▶ [About this task]: Once the images are removed, set down everything else in the listing below exactly.

==== Data block ====

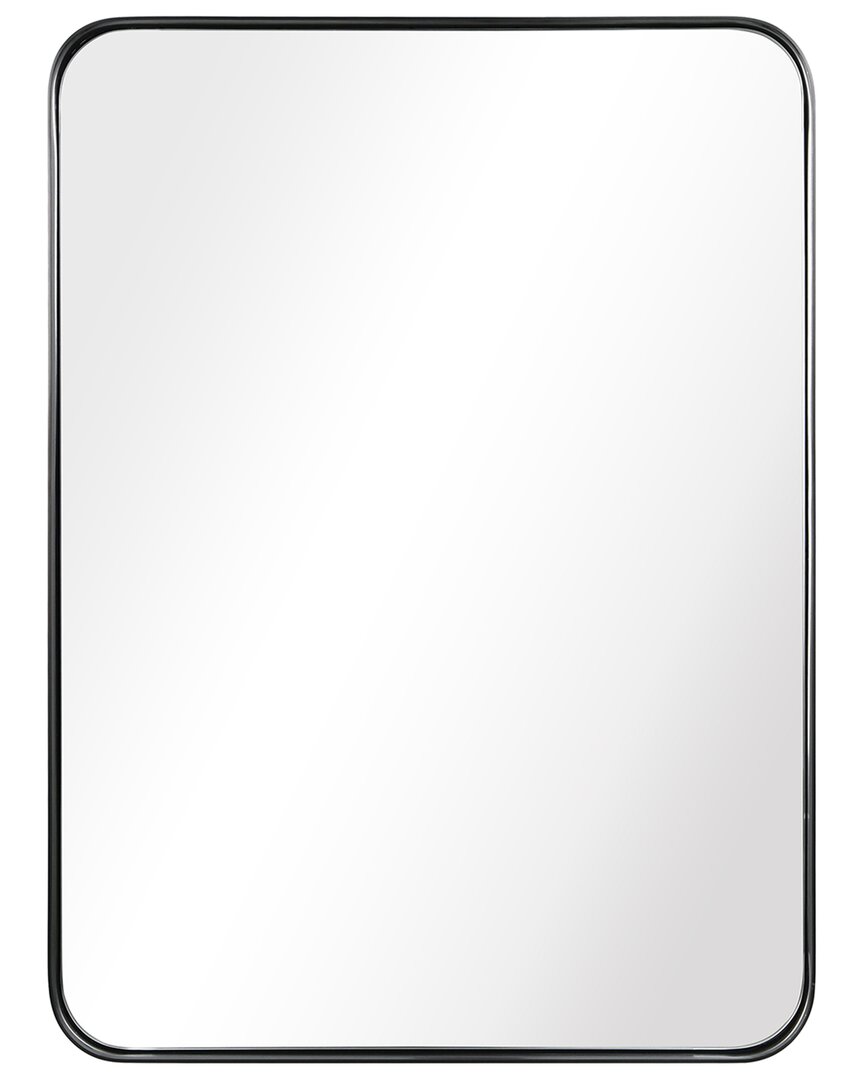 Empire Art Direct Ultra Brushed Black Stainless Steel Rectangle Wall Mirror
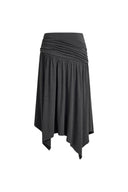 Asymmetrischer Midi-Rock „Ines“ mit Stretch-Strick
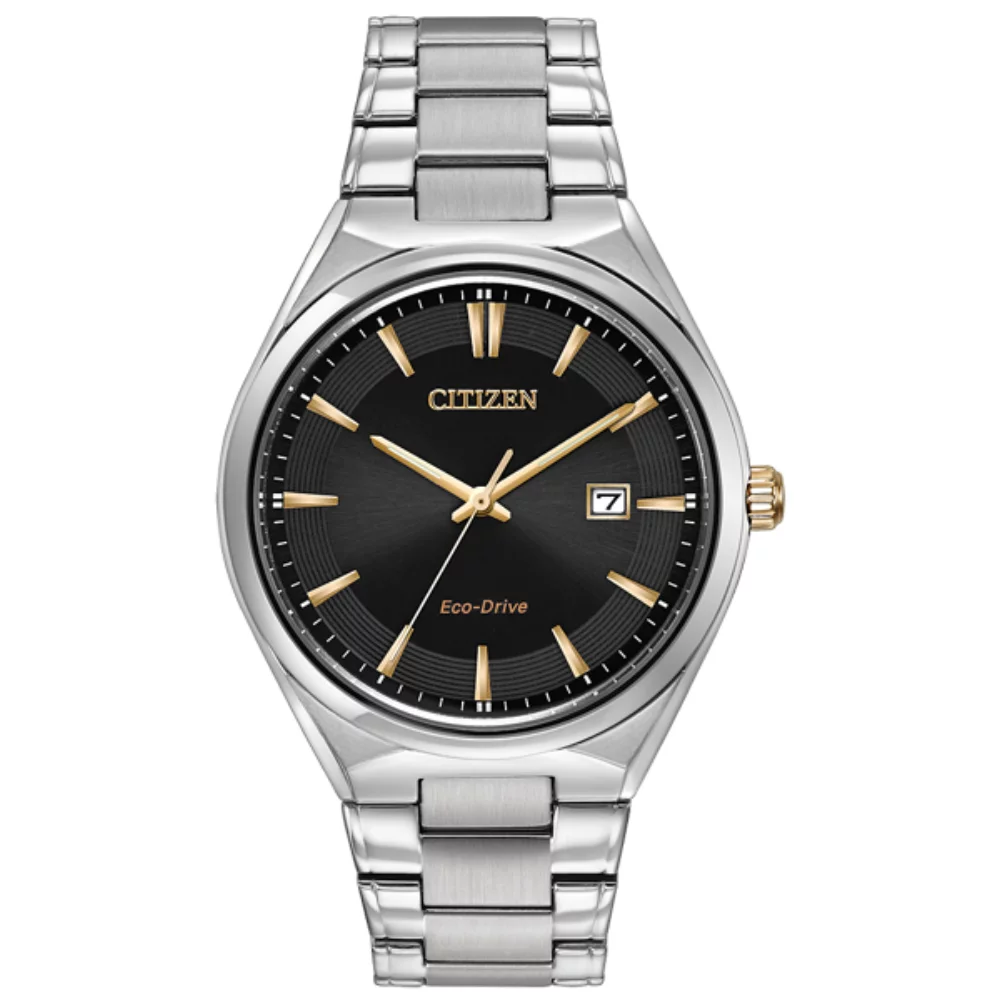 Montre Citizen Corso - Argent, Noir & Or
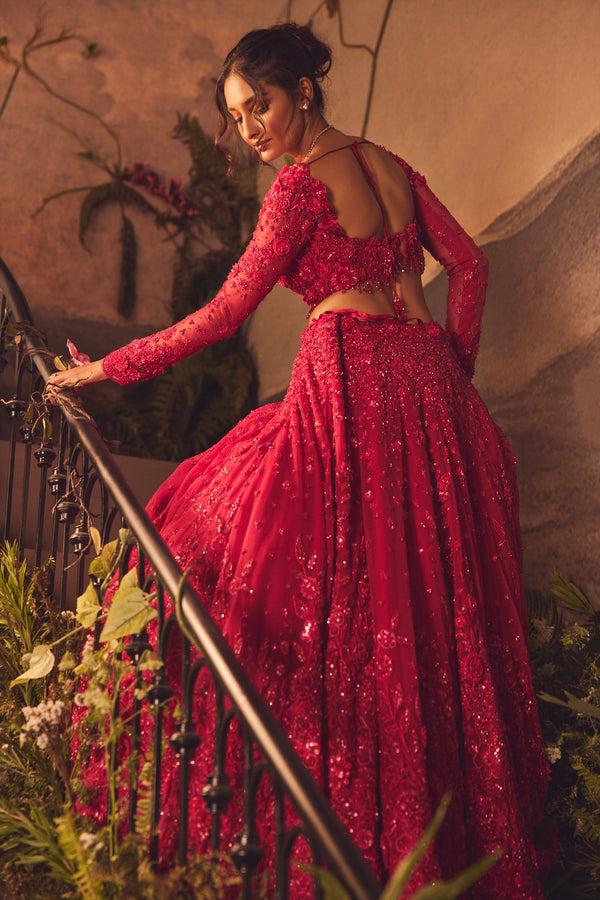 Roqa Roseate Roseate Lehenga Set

====

▶ [Solution to this task]:
 Empire Art Direct Ultra Brushed Black Stainless Steel Rectangle Wall Mirror
 Asymmetrischer Midi-Rock „Ines“ mit Stretch-Strick
 Montre Citizen Corso - Argent, Noir & Or
 Roqa Roseate Roseate Lehenga Set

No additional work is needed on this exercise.